## Exercise objective
Reproduce the records below exactly, but only between the lines holding "Adeste Fideles Tenor" and "AI PCとOS選びに関するよくある質問のイメージ", inclusive.

[Opening Material shown section]

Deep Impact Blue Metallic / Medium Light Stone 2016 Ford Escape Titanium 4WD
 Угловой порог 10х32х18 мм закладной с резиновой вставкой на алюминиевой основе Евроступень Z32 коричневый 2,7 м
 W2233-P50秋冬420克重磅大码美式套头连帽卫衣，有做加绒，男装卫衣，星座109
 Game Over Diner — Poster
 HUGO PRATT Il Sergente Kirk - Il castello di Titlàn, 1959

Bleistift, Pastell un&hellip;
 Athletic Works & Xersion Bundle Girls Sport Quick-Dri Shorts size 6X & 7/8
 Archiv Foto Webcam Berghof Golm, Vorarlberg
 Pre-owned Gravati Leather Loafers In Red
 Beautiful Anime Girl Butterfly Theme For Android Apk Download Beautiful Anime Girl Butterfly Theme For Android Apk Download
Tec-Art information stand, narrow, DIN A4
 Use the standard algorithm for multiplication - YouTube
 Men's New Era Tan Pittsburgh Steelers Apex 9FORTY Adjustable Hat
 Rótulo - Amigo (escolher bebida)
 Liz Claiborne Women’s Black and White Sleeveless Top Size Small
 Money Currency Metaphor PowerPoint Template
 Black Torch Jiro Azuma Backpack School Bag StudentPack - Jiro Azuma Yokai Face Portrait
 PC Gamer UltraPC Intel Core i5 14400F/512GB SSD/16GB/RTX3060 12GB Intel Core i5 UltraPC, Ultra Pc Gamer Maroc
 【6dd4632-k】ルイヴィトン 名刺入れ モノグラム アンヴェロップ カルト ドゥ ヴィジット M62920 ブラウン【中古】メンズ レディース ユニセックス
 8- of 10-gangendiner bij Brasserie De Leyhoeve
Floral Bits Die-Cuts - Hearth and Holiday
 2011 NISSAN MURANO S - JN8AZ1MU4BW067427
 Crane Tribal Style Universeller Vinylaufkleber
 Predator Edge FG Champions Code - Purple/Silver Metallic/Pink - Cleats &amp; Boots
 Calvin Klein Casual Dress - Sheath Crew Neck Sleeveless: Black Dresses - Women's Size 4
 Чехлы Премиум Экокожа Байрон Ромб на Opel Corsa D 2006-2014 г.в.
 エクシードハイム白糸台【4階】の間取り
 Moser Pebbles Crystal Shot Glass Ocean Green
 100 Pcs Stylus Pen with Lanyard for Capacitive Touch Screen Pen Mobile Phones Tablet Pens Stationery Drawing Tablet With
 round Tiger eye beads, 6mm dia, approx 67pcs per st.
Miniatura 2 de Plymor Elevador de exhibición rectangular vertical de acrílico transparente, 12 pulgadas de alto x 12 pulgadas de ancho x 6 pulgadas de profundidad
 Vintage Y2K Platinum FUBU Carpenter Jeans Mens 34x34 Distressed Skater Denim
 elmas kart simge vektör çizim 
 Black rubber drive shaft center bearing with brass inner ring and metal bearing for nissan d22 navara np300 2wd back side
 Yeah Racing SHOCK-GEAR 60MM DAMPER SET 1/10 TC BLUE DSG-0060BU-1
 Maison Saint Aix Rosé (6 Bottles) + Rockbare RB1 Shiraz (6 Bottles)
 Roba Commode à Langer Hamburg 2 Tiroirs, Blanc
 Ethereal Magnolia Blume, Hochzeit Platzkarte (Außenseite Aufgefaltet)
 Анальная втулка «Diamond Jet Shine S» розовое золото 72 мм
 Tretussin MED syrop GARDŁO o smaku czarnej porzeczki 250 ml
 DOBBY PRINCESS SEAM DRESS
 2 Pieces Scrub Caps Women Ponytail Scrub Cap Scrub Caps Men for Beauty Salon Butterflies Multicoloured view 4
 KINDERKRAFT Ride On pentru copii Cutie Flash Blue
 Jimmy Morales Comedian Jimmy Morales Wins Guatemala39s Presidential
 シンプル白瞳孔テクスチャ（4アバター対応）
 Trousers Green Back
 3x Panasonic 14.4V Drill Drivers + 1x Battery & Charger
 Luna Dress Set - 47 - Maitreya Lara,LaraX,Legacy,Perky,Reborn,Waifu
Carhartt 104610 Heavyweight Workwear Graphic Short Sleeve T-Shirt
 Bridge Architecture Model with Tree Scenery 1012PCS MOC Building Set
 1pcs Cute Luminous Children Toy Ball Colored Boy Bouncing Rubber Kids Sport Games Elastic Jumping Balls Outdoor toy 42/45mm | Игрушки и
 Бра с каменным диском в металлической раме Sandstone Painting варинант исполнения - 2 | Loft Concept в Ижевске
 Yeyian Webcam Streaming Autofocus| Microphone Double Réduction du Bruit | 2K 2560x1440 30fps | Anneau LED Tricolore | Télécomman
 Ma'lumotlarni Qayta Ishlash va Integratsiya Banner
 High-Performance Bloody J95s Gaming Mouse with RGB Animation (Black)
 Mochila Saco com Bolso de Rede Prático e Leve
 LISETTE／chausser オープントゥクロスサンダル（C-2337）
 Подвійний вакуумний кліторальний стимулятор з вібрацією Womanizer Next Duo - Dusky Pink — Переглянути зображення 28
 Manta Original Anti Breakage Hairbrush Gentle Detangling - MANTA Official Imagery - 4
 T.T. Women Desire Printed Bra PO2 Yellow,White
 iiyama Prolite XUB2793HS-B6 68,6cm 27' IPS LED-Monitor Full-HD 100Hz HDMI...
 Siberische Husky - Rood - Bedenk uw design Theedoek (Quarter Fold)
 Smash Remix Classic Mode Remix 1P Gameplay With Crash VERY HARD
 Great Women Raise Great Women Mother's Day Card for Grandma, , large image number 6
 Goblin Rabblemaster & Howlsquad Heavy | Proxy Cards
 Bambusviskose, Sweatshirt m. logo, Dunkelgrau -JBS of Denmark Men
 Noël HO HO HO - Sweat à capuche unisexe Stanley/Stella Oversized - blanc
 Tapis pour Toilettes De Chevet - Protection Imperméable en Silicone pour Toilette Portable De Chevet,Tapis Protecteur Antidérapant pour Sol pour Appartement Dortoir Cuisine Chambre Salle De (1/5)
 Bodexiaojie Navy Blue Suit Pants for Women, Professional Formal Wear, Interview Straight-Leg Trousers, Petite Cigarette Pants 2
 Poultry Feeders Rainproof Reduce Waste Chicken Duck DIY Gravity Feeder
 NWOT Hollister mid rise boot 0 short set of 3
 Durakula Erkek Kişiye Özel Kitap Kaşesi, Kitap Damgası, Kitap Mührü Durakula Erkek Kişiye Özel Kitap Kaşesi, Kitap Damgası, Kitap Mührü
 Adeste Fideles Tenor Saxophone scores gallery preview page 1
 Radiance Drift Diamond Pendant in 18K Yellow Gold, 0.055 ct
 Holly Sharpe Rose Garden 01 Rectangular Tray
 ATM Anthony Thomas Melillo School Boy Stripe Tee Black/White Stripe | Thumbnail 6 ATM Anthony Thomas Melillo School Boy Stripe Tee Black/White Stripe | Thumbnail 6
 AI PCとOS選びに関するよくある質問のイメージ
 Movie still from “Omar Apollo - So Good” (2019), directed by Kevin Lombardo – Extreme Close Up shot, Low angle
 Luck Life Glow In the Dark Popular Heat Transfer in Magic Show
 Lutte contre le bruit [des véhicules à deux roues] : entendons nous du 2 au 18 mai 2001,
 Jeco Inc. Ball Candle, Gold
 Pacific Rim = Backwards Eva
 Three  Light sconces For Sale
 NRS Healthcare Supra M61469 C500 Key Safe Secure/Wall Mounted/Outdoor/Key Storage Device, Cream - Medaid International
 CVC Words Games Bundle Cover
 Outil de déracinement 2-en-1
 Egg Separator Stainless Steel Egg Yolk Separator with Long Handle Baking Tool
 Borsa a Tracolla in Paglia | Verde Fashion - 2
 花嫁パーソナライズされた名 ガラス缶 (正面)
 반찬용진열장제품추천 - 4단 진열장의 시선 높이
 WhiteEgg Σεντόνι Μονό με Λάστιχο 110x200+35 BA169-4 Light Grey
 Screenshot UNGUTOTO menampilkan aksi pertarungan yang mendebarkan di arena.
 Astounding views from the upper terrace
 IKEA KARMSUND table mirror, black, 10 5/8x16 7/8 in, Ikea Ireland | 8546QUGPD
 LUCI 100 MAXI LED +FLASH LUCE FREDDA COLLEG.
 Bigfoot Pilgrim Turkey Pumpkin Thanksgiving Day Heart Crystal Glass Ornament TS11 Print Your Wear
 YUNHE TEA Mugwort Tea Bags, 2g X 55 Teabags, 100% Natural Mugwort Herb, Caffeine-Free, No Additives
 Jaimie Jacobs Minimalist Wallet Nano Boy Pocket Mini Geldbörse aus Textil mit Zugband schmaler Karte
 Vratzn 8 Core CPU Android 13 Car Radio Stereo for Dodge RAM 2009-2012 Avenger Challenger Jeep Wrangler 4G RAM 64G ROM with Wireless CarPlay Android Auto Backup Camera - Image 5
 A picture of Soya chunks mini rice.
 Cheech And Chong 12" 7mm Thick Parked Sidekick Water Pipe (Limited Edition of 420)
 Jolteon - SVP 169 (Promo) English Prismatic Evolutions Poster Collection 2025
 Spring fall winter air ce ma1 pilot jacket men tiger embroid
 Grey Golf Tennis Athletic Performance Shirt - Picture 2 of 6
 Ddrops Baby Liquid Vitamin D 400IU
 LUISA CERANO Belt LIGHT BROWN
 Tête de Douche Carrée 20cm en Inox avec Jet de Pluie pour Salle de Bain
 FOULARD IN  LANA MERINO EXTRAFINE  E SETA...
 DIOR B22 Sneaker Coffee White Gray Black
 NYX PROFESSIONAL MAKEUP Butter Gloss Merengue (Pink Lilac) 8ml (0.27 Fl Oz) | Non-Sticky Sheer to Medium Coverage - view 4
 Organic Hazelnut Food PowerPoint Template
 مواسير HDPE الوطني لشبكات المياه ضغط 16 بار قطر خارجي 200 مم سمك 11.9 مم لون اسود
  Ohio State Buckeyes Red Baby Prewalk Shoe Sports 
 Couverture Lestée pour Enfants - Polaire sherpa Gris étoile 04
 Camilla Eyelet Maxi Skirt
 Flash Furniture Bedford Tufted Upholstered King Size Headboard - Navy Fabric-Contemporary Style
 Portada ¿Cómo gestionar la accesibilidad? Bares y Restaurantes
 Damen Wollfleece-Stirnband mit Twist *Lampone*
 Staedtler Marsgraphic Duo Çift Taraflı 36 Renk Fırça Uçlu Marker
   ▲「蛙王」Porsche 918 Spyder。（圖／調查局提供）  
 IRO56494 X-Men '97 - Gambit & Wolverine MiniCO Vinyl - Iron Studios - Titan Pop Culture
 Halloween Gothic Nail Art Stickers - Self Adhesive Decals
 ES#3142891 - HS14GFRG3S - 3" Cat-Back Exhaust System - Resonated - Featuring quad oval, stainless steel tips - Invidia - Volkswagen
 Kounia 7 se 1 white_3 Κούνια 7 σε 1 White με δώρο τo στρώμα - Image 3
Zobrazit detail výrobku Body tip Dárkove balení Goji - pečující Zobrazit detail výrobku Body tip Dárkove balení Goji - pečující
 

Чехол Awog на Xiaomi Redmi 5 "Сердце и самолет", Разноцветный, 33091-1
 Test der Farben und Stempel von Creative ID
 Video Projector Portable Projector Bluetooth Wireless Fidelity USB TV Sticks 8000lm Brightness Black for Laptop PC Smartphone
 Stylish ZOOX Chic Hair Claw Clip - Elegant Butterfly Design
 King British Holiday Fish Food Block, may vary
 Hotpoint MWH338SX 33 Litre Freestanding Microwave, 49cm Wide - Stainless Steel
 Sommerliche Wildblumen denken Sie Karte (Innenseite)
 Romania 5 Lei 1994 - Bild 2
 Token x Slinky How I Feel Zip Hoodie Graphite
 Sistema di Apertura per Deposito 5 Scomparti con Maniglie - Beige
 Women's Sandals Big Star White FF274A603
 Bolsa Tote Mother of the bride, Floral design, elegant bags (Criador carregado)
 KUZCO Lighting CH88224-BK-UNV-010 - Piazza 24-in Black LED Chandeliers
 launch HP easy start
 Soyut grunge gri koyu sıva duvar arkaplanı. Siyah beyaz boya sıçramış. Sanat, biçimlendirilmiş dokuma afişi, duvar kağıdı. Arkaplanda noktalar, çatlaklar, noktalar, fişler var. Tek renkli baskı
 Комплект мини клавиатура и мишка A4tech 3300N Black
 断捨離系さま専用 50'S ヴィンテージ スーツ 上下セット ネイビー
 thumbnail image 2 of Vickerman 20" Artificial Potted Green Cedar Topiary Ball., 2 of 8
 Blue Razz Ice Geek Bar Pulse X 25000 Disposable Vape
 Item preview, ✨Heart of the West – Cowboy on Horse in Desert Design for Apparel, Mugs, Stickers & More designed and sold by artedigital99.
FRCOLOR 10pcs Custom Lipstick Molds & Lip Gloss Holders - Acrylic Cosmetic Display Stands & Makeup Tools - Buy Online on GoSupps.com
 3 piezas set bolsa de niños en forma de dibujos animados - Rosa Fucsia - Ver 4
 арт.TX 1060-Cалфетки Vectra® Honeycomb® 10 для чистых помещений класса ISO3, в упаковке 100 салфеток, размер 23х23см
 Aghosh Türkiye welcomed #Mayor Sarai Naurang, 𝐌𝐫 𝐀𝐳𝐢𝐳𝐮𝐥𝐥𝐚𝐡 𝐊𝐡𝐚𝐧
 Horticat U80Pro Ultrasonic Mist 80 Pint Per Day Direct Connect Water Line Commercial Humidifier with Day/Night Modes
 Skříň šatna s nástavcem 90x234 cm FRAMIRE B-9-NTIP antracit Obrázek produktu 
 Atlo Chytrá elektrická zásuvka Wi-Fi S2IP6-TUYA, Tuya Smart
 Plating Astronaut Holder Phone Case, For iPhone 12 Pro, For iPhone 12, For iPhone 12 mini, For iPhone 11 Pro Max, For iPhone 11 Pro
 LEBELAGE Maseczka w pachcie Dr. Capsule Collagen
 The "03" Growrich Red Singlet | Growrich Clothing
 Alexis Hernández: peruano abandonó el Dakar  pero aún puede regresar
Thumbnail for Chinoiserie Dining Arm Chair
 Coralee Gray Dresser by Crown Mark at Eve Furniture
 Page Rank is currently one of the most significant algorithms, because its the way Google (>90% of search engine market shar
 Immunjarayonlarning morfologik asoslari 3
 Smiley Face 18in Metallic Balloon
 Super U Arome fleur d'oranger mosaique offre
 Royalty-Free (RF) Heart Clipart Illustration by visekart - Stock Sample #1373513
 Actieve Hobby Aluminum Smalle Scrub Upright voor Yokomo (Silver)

[Closing Material shown section]

## Task output
 Adeste Fideles Tenor Saxophone scores gallery preview page 1
 Radiance Drift Diamond Pendant in 18K Yellow Gold, 0.055 ct
 Holly Sharpe Rose Garden 01 Rectangular Tray
 ATM Anthony Thomas Melillo School Boy Stripe Tee Black/White Stripe | Thumbnail 6 ATM Anthony Thomas Melillo School Boy Stripe Tee Black/White Stripe | Thumbnail 6
 AI PCとOS選びに関するよくある質問のイメージ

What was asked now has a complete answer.